Not really. The loop is pretty tight. There is nothing you can do about the load/stores that are not parallelized. From the looks of it you are buffering the adc input in an array x and passing the pointer. If you were doing this on a per sample basis you could skip the storing before the function, and just load the ADC value and convert to float in the first two lines of the function
So you would put this at the top of your .asm file
.cdecls C, LIST, NOWARN, "F2837xD_Adc.h"
Then first two lines of code in the function would be
MOVW DP, #_AdcaResultRegs UI16TOF32 R1H, @_AdcaResultRegs.ADCRESULT0
So basically if you don't need to buffer the sampled input, just the processed input you can save a couple more cycles reading the ADC inside the function
Thanks for all of your help, Vishal. My next goal is to get the basic stats code running on the 28377 CLA.

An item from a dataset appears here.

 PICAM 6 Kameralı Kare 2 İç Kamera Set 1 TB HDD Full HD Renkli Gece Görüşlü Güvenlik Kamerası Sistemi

The CLA has fewer instructions, and fewer floating point and auxiliary registers than the C28x + FPU so I have discovered that there are some extra hoops to jump through to perform the same calculations in assembly code. I don't yet have a correctly working assembly function but I did run some tests with C code in a CLA task.
#define N 32
zSqr = z * z;
With 32 points, it takes 7us to execute a standard for loop.
for (j = 0; j < N; j++)
{
zSqrSum[j] += zSqr;
hzSum[j] += h[j] * z;
}
I manually unrolled the loop in C and the time it took to execute 32 points dropped to 1.7us.
zSqrSum[0] += zSqr;
hzSum[0] += h[0] * z;
zSqrSum[1] += zSqr;
hzSum[1] += h[1] * z;
.
.
.
zSqrSum[N-1] += zSqr;
hzSum[N-1] += h[N-1] * z;
When running the same stats calculations on the C28x + FPU, it takes 1.15us for 32 points. If possible, I would like to achieve this same performance on the CLA. I am looking at the assembly code generated by the compiler to see if there are more opportunities for optimization. I've attached that file to this post. The stats calculations code runs in Cla1Task1.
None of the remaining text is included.